2020年3月11日水曜日

【東日本大震災9年】ゼネコン各社、早期復興と働き方改革の両立目指す

 2011年の東日本大震災発生から9年が経過する中、ゼネコン各社は被災地の早期復興・再生へ向けて、引き続き力を注いでいる。

 ピーク時に比べ案件数は減ってきたものの、依然として大規模現場などが稼働。働き方改革も求められており、生産性向上を図りつつ、基盤整備などに貢献していく。 

 甚大な被害を受けた被災3県では、復興道路・復興支援道路など基幹インフラの整備や復興街づくりが進展。

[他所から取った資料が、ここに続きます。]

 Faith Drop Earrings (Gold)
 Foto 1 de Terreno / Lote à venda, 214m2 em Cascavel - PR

岩手と宮城の2県は大手ゼネコンが手掛けるような大規模案件が収束へと向かいつつあるものの、福島県内では、東京電力福島第1原子力発電所や中間貯蔵施設関連、除染などの作業が「フルパワー対応」(大手ゼネコン)で続く。

 だが人員体制は変化している。ある大手ゼネコンは、14年のピーク時に300人規模(出向・派遣含む)だった東北支店体制が、19年秋には250人規模となり、社員は約3分の2に縮小した。別のゼネコンの土木部門担当者は「復興が本格化した際、東北支店に全国から人を集めたが元に戻っている」と説明する。

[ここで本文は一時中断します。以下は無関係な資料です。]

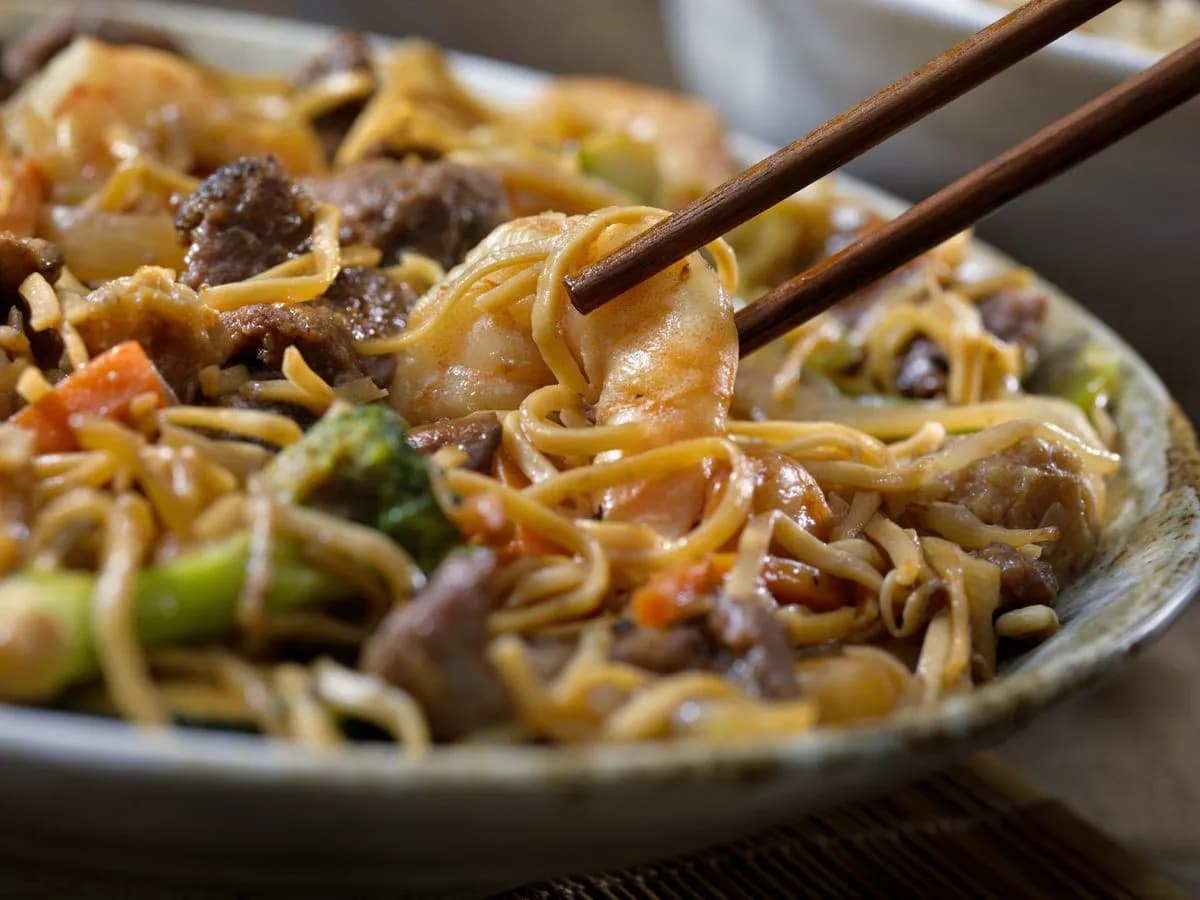 Makaron chow mein czy jest zdrowy? Odkryj jego ukryte zagrożenia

 そうした状況下では生産性向上が欠かせない。あるゼネコンは、効率化が必要な対象に除染業務を挙げる。建物によって足場など求められる対応が異なり、地権者らへの書類も膨大な量になる。ロボティクス・プロセス・オートメーション(RPA)などを積極的に活用する方向で、担当者は「ルーティンワークの手間を減らし、難しい部分を人間がやることで確実に仕事を進めたい」と力を込める。

 震災復興では、ゼネコンのマネジメント力が発揮された場面が多かった。ゼネコン担当者の一人は「若手も含めて底上げにつながった」としつつも、「完璧はない。繰り返し検証し改善を続けることが必要」と話す。「インフラや施設整備を通じて、建設会社がどのように街づくりに貢献していけるかが課題」(大手ゼネコン)との声も挙がる。

 福島県内では、イノベーションコースト構想や福島再生・未来志向プロジェクトなどが進む。大手ゼネコンの担当者は「1企業としてやれることを考え、本当の意味で復興に貢献したい」と意気込む。